* RE: [PATCH] acpi-cpufreq: Use IA32_APERF and IA32_MPERF and get freq feedback from hardware
@ 2006-09-25 14:41 Pallipadi, Venkatesh
2006-09-25 16:02 ` Erik Slagter
0 siblings, 1 reply; 7+ messages in thread
From: Pallipadi, Venkatesh @ 2006-09-25 14:41 UTC (permalink / raw)
To: Erik Slagter, cpufreq
>-----Original Message-----
>From: cpufreq-bounces@lists.linux.org.uk
>[mailto:cpufreq-bounces@lists.linux.org.uk] On Behalf Of Erik Slagter
>Sent: Monday, September 25, 2006 6:14 AM
>To: cpufreq@www.linux.org.uk
>Subject: Re: [PATCH] acpi-cpufreq: Use IA32_APERF and
>IA32_MPERF and get freq feedback from hardware
>
>Venkatesh Pallipadi wrote:
>>
>> Enable ondemand governor and acpi-cpufreq to use IA32_APERF
>and IA32_MPERF MSR
>> to get active frequency feedback for the last sampling
>interval. This will
>> make ondemand take right frequency decisions when hardware
>coordination of
>> frequency is going on.
>
>Does this mean there is actually no real clean approach to
>determine the
>current cpu speed?
>
The problem is, a lot of times current frequency may not mean much as
frequency can change immediately after one get frequency call or
immediately before we did the call. The freuency can change
asynchronously due to number of reasons like hardware coordination, TM2
and get frequency will not help to get frequency over a period of time.

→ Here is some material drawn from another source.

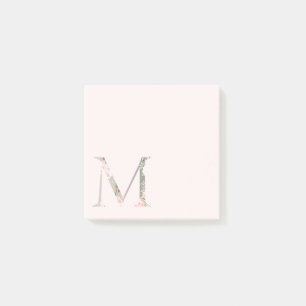 Floral Letter "M" Monogram Notes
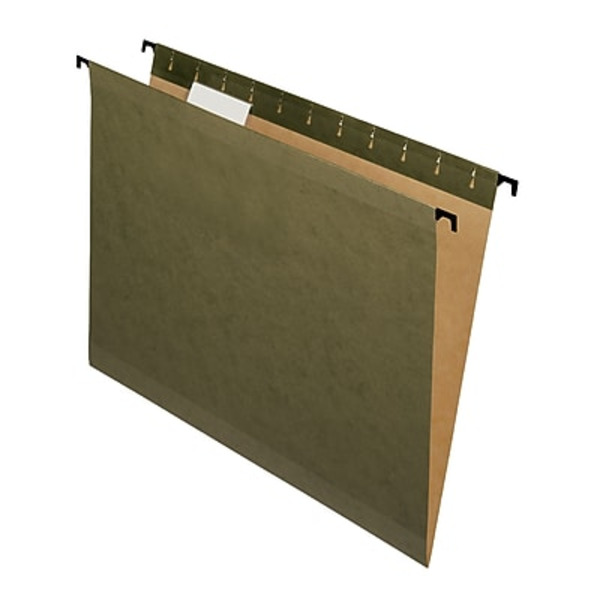Pendaflex 6152 1/5 Letter Size Green SureHook 5-Tab Hanging File Folders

Also, there is no call back from hardware when frequency changes
asynchronously. So, getting average frequency over a period of time is
the best we can do in order to use the utilization in that period and
make some frequency target decision for next sampling period.
Thanks,
Venki
^ permalink raw reply [flat|nested] 7+ messages in thread
* Re: [PATCH] acpi-cpufreq: Use IA32_APERF and IA32_MPERF and get freq feedback from hardware
2006-09-25 14:41 [PATCH] acpi-cpufreq: Use IA32_APERF and IA32_MPERF and get freq feedback from hardware Pallipadi, Venkatesh
@ 2006-09-25 16:02 ` Erik Slagter
0 siblings, 0 replies; 7+ messages in thread
From: Erik Slagter @ 2006-09-25 16:02 UTC (permalink / raw)
To: Pallipadi, Venkatesh; +Cc: cpufreq
Pallipadi, Venkatesh wrote:
> The problem is, a lot of times current frequency may not mean much as
> frequency can change immediately after one get frequency call or
> immediately before we did the call. The freuency can change
> asynchronously due to number of reasons like hardware coordination, TM2
> and get frequency will not help to get frequency over a period of time.

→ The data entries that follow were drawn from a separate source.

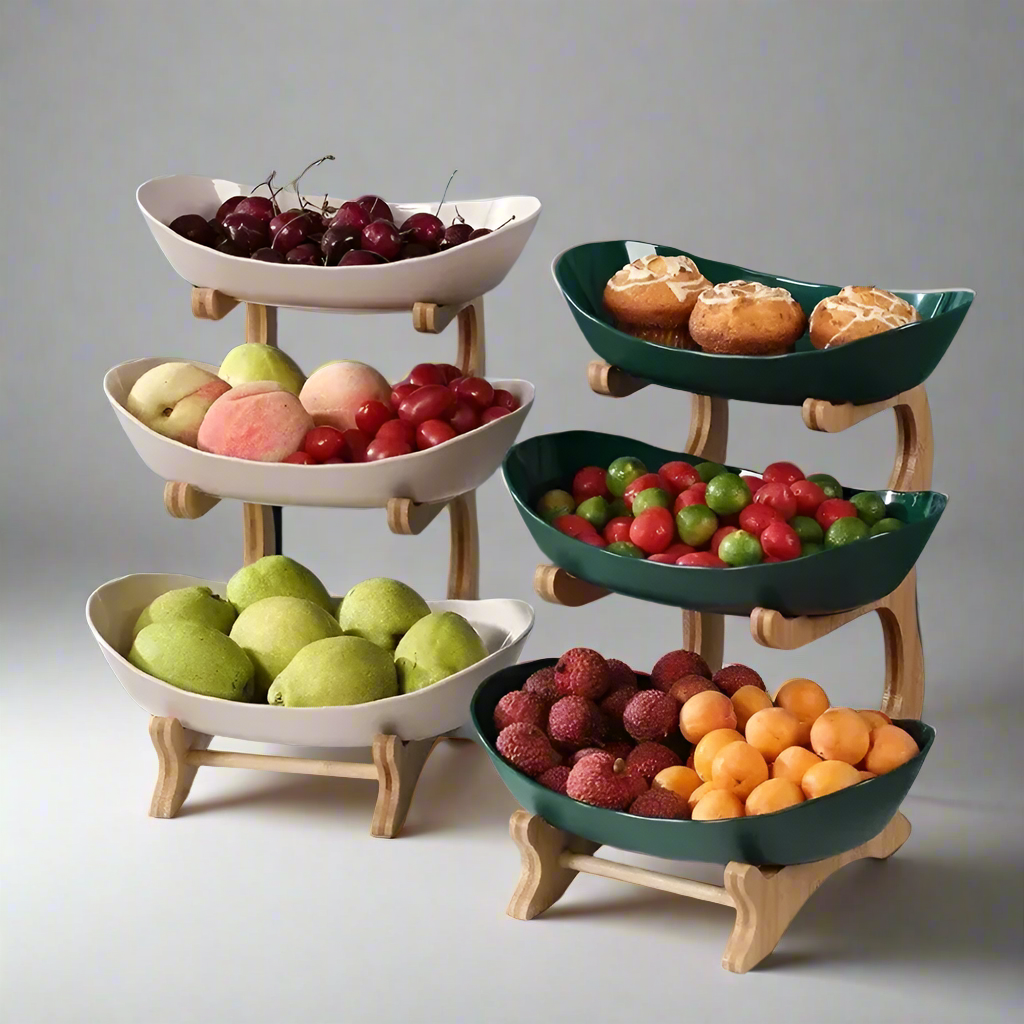 Tiered Temptations Multi-Level Oval Serving Platters with Partitions and Wooden Stand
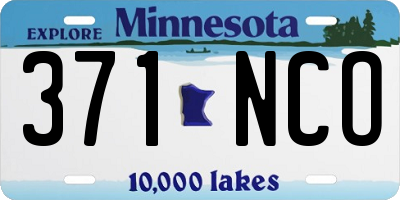 MN license plate 371NCO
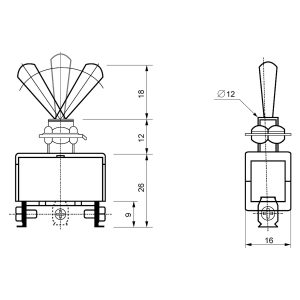 Переключатель ТВ 1122 (3 полюса - 3 контакта)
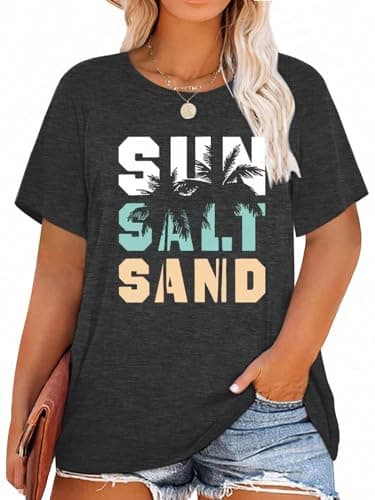 HDLTE Plus Size Beach Shirts for Women Short Sleeve Hawaiian Shirt Casual Vacation Blouses (Grey, 3X) - Image 1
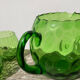 4 green water glasses and vintage blown glass carafe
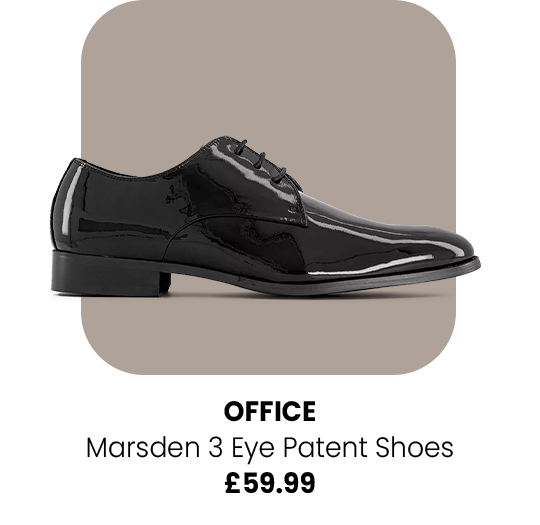 Marsden 3 Eye Patent Derby Shoes Black Patent
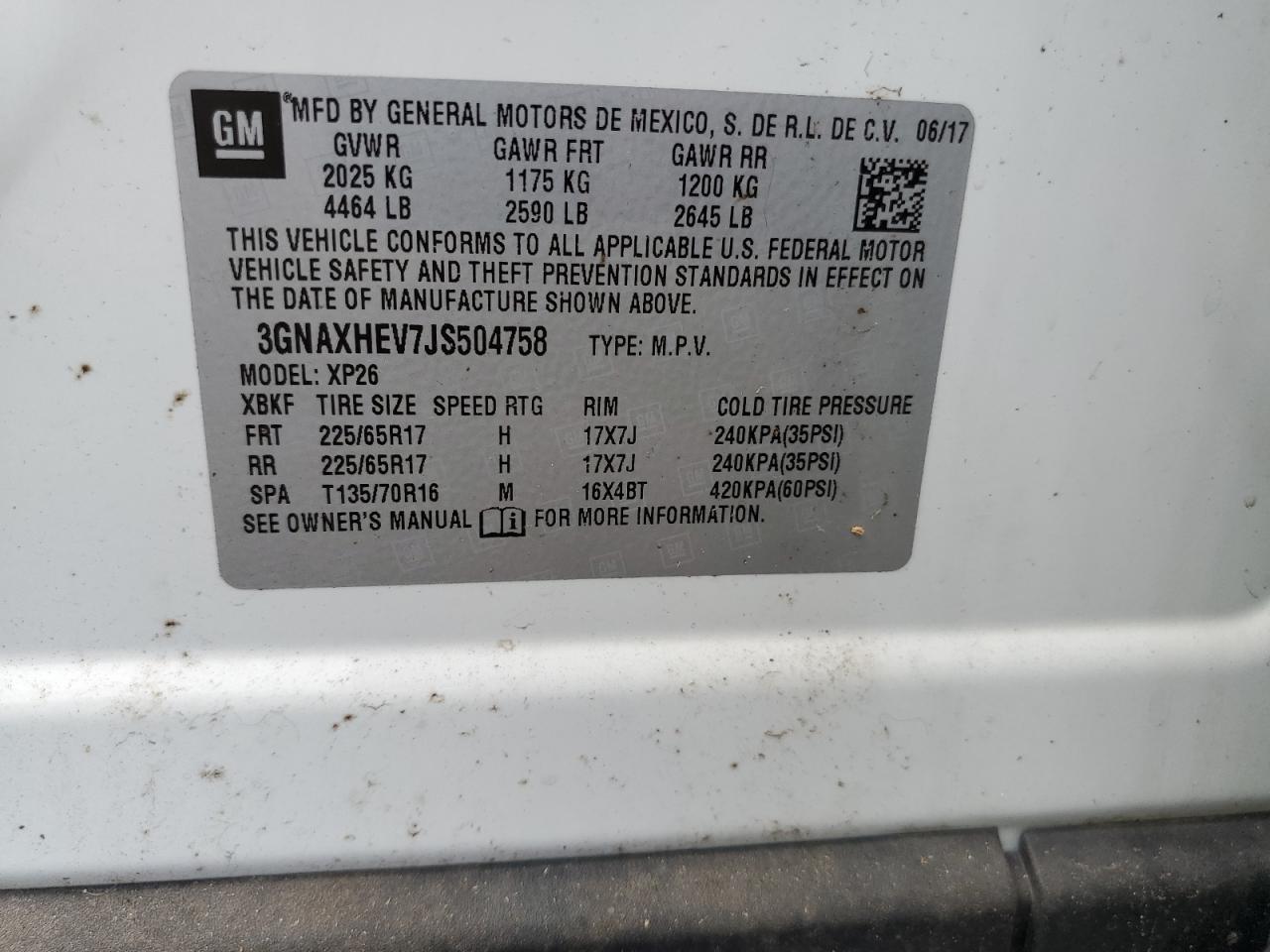 2018 Chevrolet Equinox Ls VIN: 3GNAXHEV7JS504758 Lot: 64566154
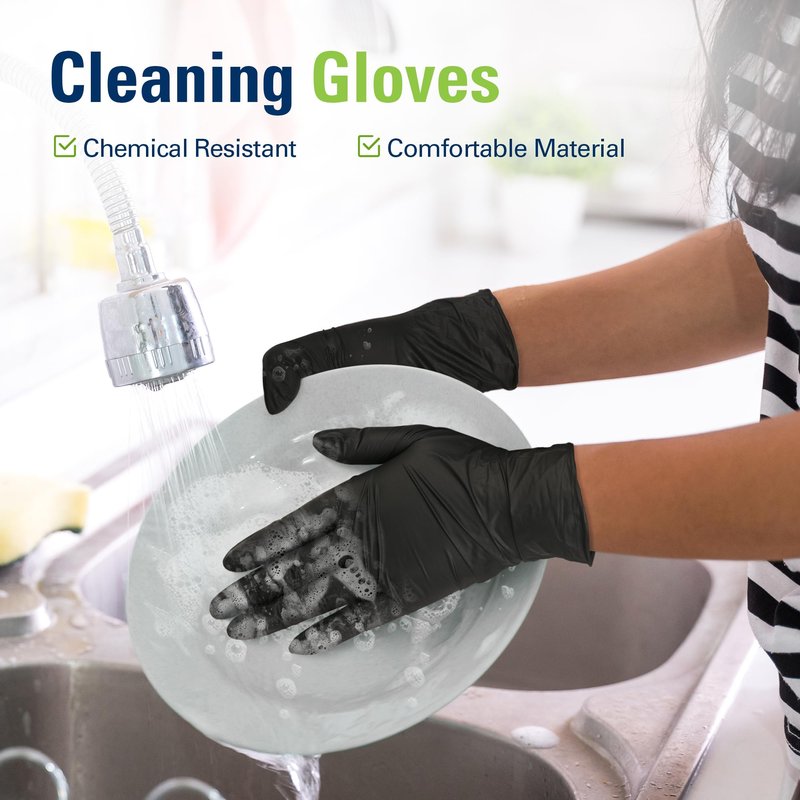 SWIFTLITE Nitrile Gloves, Disposable Black Gloves, Food Safe Rubber Gloves, Latex-Free, Powder-Free for Cooking, Cleaning, Food Prep (X-Large, 1000 Counts)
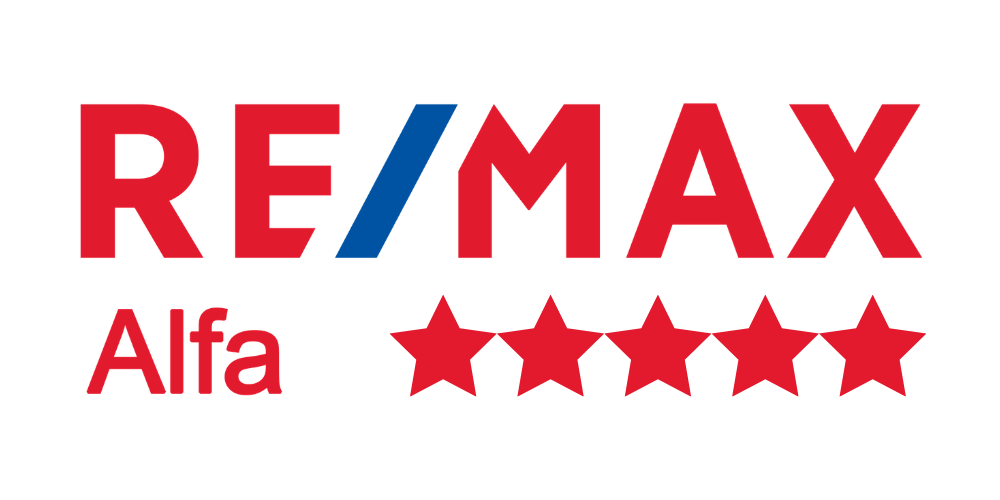 remax alfa logo pet hvězd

> Also, there is no call back from hardware when frequency changes
> asynchronously. So, getting average frequency over a period of time is
> the best we can do in order to use the utilization in that period and
> make some frequency target decision for next sampling period.
I get your drift ;-)
Actually what I am interested in is this:
- spotting frequency switching by tm2 because I suspect my processor
might be running hot sometimes (a little overlocking ;-))
- seeing the actual running frequency, as this may not be the value the
processor is set for (again, an overclocking issue, I know).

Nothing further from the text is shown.